1. Cut Spending Back to Bare Essentials
Cutting back your spending may seem like the first step, but many try to skip over this or they do not do it properly. Sit down with your bank statement and see what things you currently spend money on where you could be saving. From packing your lunch to lowering your phone data plan there are many options for you to pinch out a few more pennies.
Every little bit counts, and it will add up overtime. If you want to get rid of your debt for good, then some of these changes need to be lifestyle alterations. You don’t have to have remove all your lives enjoyments. In fact, it is good to reward yourself occasionally. A coffee every Friday morning is going to make less of an impact on your spending than daily coffee and it gives you something to look forward to.
2. Debt Pay Off Apps
Just by doing a google search you will find dozens of online debt payoff planner options. Each option is designed to make paying off debt easier to handle and understand. These apps can provide great visual representations of your debt through interactive charts and tables. They also help you to see the difference your daily money decisions make long term. There are even apps that you can link with your bank account to save your ‘change’.
These work by rounding your card charges up to your chosen amount and then it puts that money into a savings fund for your debts or goals. These planners are all great to help you come up with a plan and stick with it. Some resources are free, but more secure options can require monthly or annual fees. Be sure to choose with a well trusted option to avoid your personal information being compromised.
3. Stop Using Your Credit Cards
Seriously. Stop. It can be extremely hard to change spending habits, but it is the only option. Spending money you don’t technically have is a disaster waiting to happen. Credit lines should be used for emergencies only after you have gone through your savings. They can be important for transactions that need credit approval and for showing you have available credit. However, they are not to be used for shopping sprees or large purchases.

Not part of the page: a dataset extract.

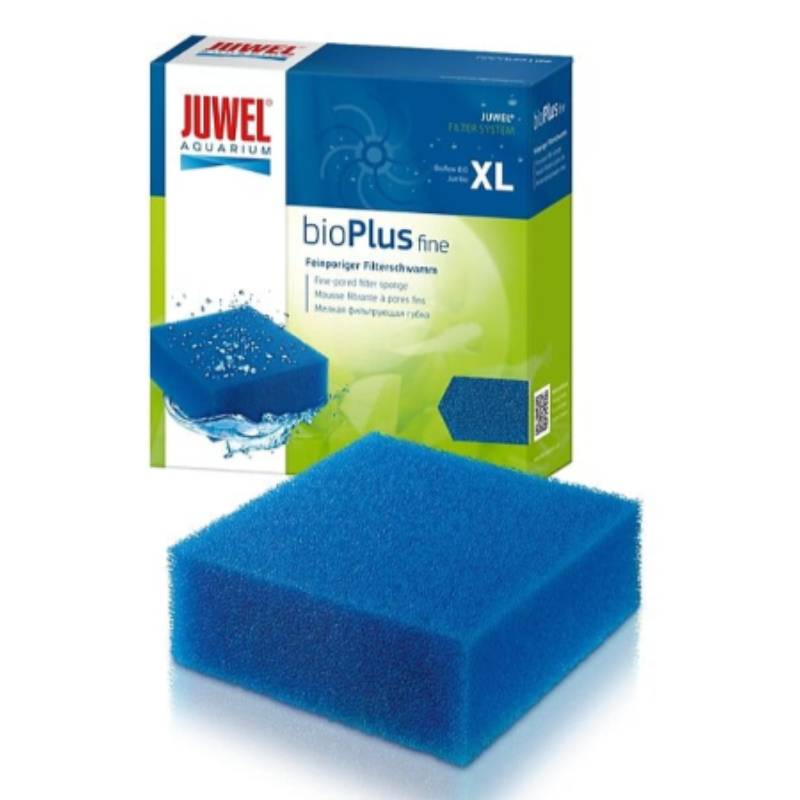 Cartouche Filtre Jumbo Fine – JUWEL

Your credit cards are not your money, they are used to show how you handle borrowed money. It is a good rule of thumb for your credit card is to use less than 30% of your available credit. Credit card companies report your monthly used credit to the credit bureau and the bureau inputs that into your credit score. That means halting use on your credit cards can help you raise your credit score while being financially responsible.
4. Make Large Payments on Debts with High Interest
This step takes a bit more research and time, but it will reduce the time it takes to pay off your debt drastically. You will need to find a list of all the debts you owe and compare them to see which debt has the highest interest rate. An easy way to gather all your debts and compare them in one place is to obtain a copy of your credit report.
You can get one credit report yearly for free from several online websites. It will lay out past and currents debts, your rolling credit account (credit cards), car payments and more dependent on your personal situation. Once you figure out the highest interest debt focus large payments on that account until it is paid off and then more on to the second highest interest and so on. Interest really racks up over time and paying large sums to a debt with high interest lowers the amount you owe in interest each month as well as the total debt.
5. Take It One Step at a Time
Finally, just take it day by day… or debt by debt. Pay one debt off and consider it an accomplishment. You can even celebrate your pay off- not by spending more money. Tackling all these accounts may seem like too much to handle but follow the plans listed above you can be on the fast track to becoming debt free. As this process will most likely take years to complete you cannot riddle yourself with stress during the process.
This should be a positive time removing your debt that’s dragging you down- don’t let the payoff process drag you down more. Put a few plans into motion, no matter how small they may seem. If you stick to them your debt could be gone quickly but, keep in mind that these changes you make to your spending need to become life long changes if you expect to stay debt free.